IMO, we can check if the target is able to generate insn that
implements conditional move between 0 and -1 for certain comparison
mode, like:
#(insn:TI 27 26 28 2 (parallel [
# (set (reg:SI 0 ax [orig:87 D.1845 ] [87])
# (if_then_else:SI (ltu:SI (reg:CC 17 flags)
# (const_int 0 [0]))
# (const_int -1 [0xffffffffffffffff])
# (const_int 0 [0])))
# (clobber (reg:CC 17 flags))
# ]) cmov2.c:9 947 {*x86_movsicc_0_m1}
# (expr_list:REG_DEAD (reg:CC 17 flags)
# (expr_list:REG_UNUSED (reg:CC 17 flags)
# (nil))))
sbbl %eax, %eax # 27 *x86_movsicc_0_m1 [length = 2]
this is the key insn, and as shown above, further asm sequence is
similar between patched and unpatched compiler.
Hmm yes.
We have a HAVE_conditional_move check, but that's not fine grained enough.
How about trying an emit_conditional_move and checking that the result is a
single insn?
Hmm, looking deeper into it, I see that:
/* if (test) x = a; else x = b;
=> x = (-(test != 0) & (b - a)) + a; */
is exactly the transformation that:
cmpl %edi, %esi
sbbl %eax, %eax
andl $-10, %eax
addl $5, %eax
is supposed to represent, right? It seems that noce_try_store_flag_constants is just
not emitting the optimal rtx forms for x86
So, if before the patch the code in noce_try_store_flag_constants was never being called
what performed this transformation? Turns out it's the conditional move expander in
emit_conditional_move that ends up calling the ix86_expand_int_movcc that performs lots of
these complex transformations, including this one in an x86-specific way.

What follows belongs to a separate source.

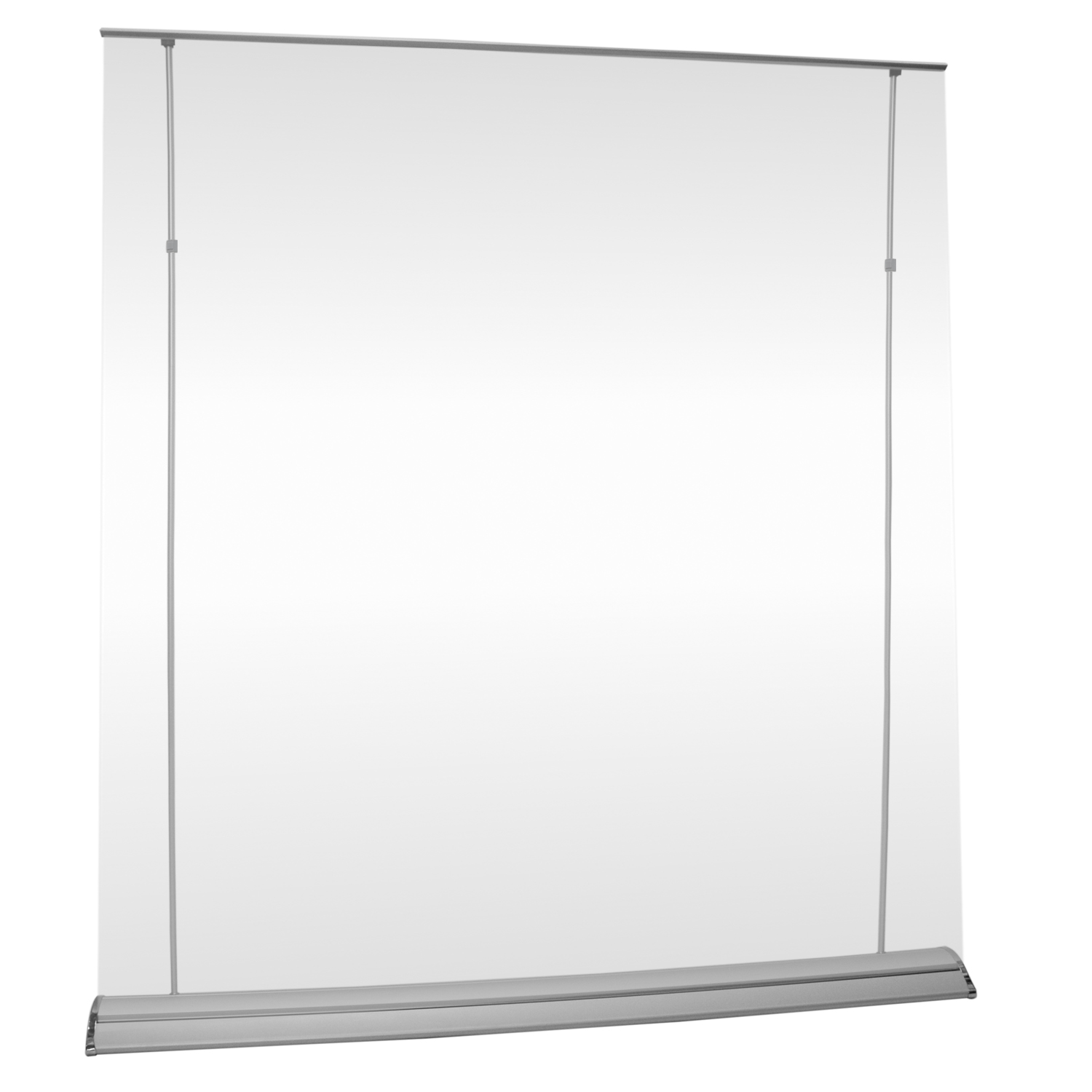 isyROLL 18_ Breite 2000 mm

I suppose that's why noce_try_store_flag_constants was tried after noce_try_cmove.
Because, it is expected that noce_try_store_flag_constants will call the conditional move
expander and the target-specific conditional move expander is expected to do all the complex
transformations beneficial to the target. I suppose the comment "Try only simple constants and registers here"
above noce_try_cmove is somewhat misleading then.
I see a couple of avenues here. We try both noce_try_cmove and noce_try_store_flag_constants, compare their
seq_cost and pick the cheapest, which sounds somewhat ugly to me, or in noce_try_store_flag_constants we
try to be more fine-grained and try to restrict some of the transformations, but on what criteria?
Kyrill
Kyrill
Uros.